[DATA PROVIDED]
········
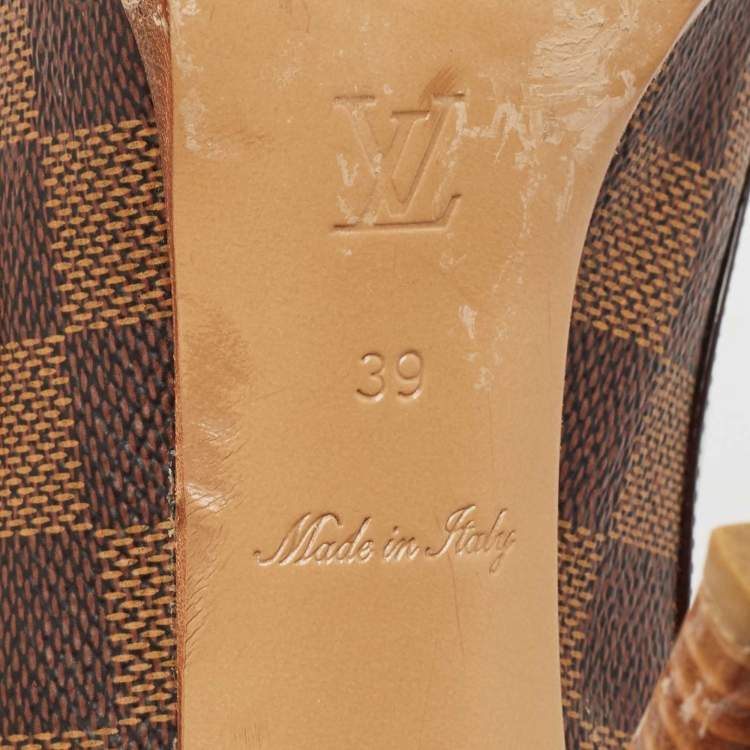 Pre Owned Louis Vuitton Brown Damier Ebene Canvas Palm Beach Peep Toe Pumps Size 39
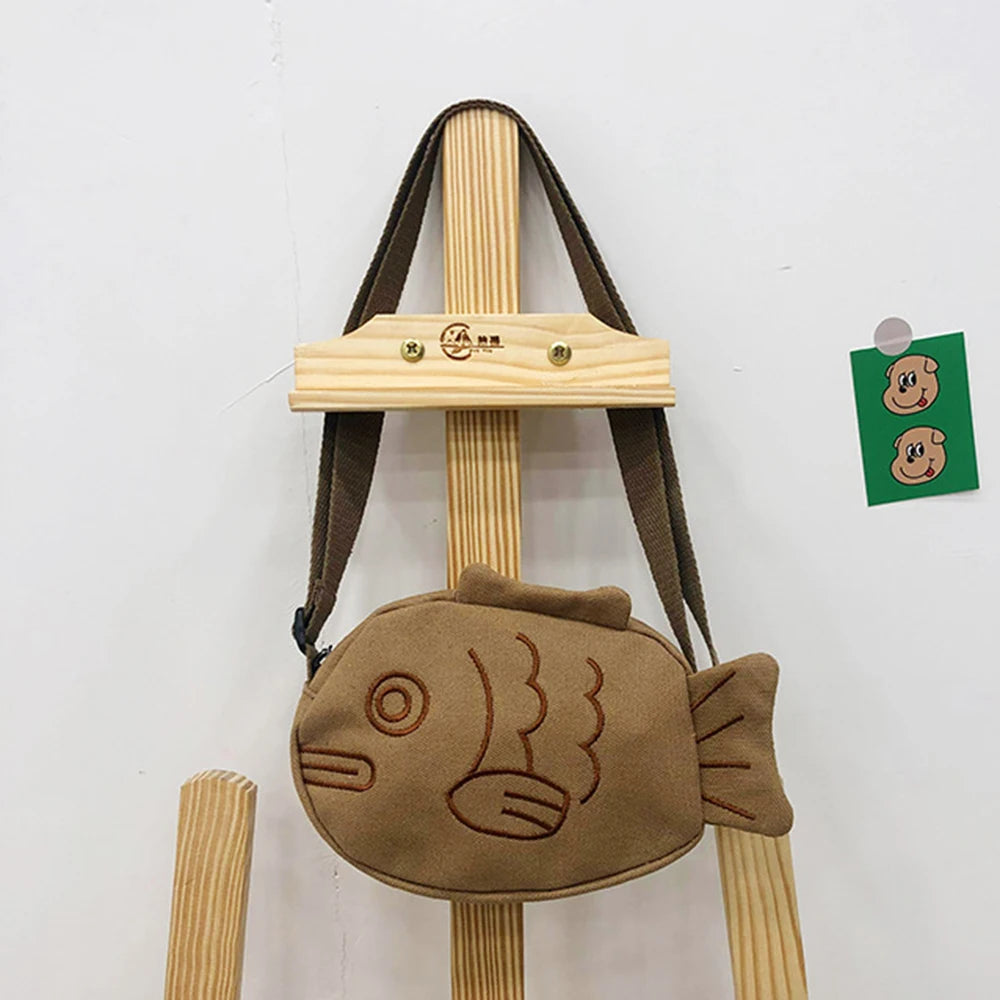 Fish Shape Canvas Messenger Bag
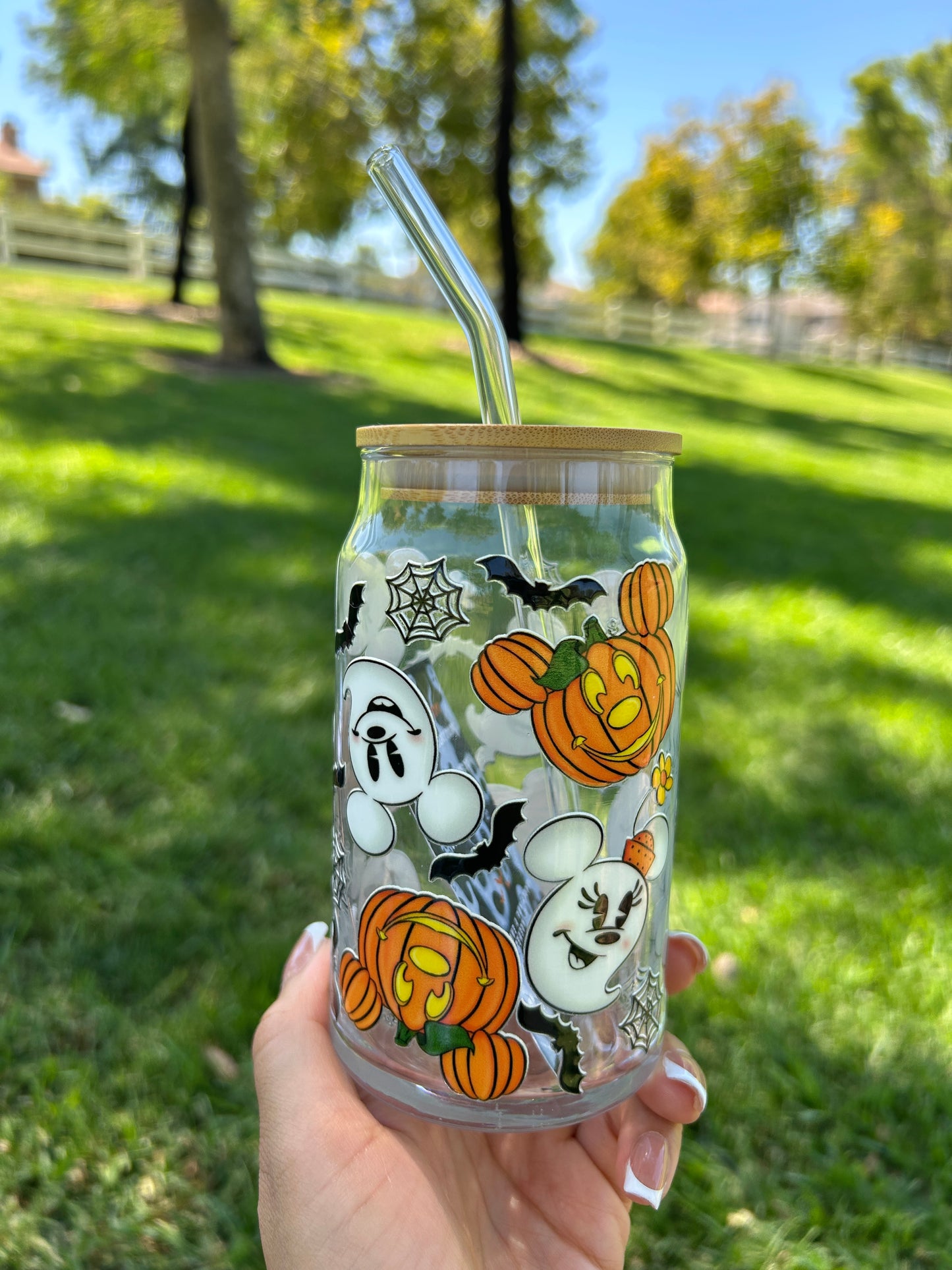 PUMPKIN BOO GLASS CUP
········
[ABOUT THIS TASK] With the pictures omitted, copy exactly the lines from the line that contains "Fish Shape Canvas Messenger Bag" through the end of the material.

[OUTPUT]
 Fish Shape Canvas Messenger Bag
 PUMPKIN BOO GLASS CUP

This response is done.